To expand the use of endophenotypes beyond CSF Αβ42 and tau, Kauwe et al. studied the CSF levels of 59 AD-related proteins in a GWAS study [48•]. They identified significant genetic associations with CSF levels of 5 proteins involved in amyloid processing and pro-inflammatory signalling: Angiotensin-converting enzyme (ACE), Chemokine (C–C motif) ligand 2 (CCL2), Chemokine (C–C motif) ligand 4 (CCL4), Interleukin 6 receptor (IL6R) and Matrix metalloproteinase-3 (MMP3), suggesting mechanisms for genetic control of CSF and plasma levels of these disease-related proteins. Interestingly, the SNPs found to be significantly associated in ACE and MMP3 also showed association with AD risk [48•].

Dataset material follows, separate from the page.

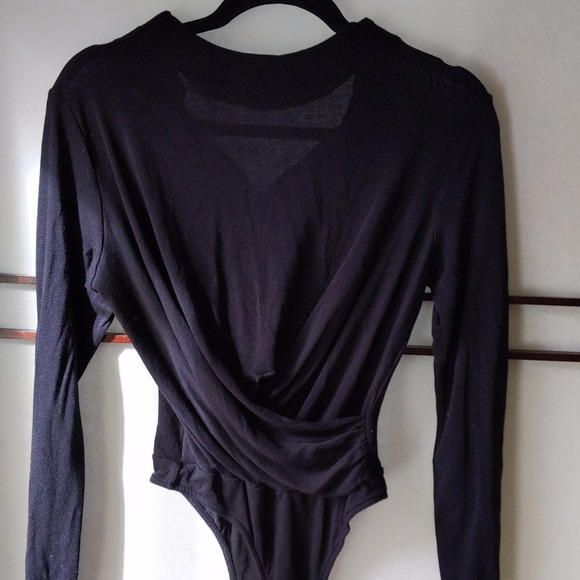 VINCE Black Long sleeve Bodysuit onesie leotard to layer  Small - Picture 2 of 16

Can Biomarkers Help us to Characterize the Functional Mechanisms of each Associated Loci in AD?

One of the limitations of case–control GWAS is the fact that generally only haplotype tagging markers are identified by this methodology. When comparing frequencies of genotypes between large numbers of cases and controls, it would be very difficult to do this for every single variant in the genome. To overcome this, GWAS platforms are based on haplotypes and only SNPs tagging each haplotype are analysed. Although this approach eases the burden of comparative testing, it also prevents the identification of specific disease-associated variants, as these can be in linkage disequilibrium (LD) with the genome-wide hit identified. An essential follow-up step to the identification of GWAS significant loci for a disease is the characterization of the functional mechanisms by which the associated variants influence the risk for disease. Kauwe et al. used an endophenotype-based approach to attempt to generate biological hypotheses of risk mechanism for BIN1, CLU, CR1 and PICALM. To accomplish this, the authors sampled common variation in these genes, genotyping 355 variants in over 600 individuals for whom measurements of CSF Aβ42 and P-tau181 had been obtained. Although this was a well-designed study, no associations between SNPs in these genes and CSF Aβ42 or P-tau181 levels were found in the studied sample, suggesting that the associated variants at these loci do not affect risk via a mechanism resulting in a strong additive effect on CSF levels of Aβ42 or P-tau181 [57]. In a study using family-based and case–control designs, Schjeide et al. performed an analogous analysis of 5 variants in CLU, CR1 and PICALM. The authors identified a significant effect of rs541458 in PICALM on CSF Aβ42 levels [58]. With the same goal, Elias-Sonnenschein et al. studied 36 SNPs in 25AD-related genes in a cohort of 222 Finish AD patients for which CSF biomarker levels were available. They identified several significant associations: APOE ε4, CLU rs11136000, and MS4A4A rs2304933 correlated with significantly decreased CSF Aβ42; at an uncorrected level PPP3R1 rs1868402 and MAPT rs2435211 were related with increased T-tau; SORL1 rs73595277 and MAPT rs16940758 were associated with increased P-tau [59].

Altogether, these studies clearly point to the need of structured, well-powered analyses. The application of this approach to other loci, the increase in the number of samples studied and the use of replication cohorts will probably allow for a deeper characterization of these associations.

Conclusions

The integration of genetic results with biomarkers is essential for advancing the research into AD and other complex disorders. Genetic studies clearly have an extreme potential for the identification of novel biomarkers for AD, but biomarkers are also essential for the guiding of genetic studies both in familial and sporadic forms of the disease. The use of endophenotypes in GWAS adds a layer of information to this type of study because it directly associates with specific disease-related biological mechanisms. The computational ability to test for associations in well-structured studies at a genome-proteome-wide level will most likely reveal novel molecular interactions important for the risk and progression of AD.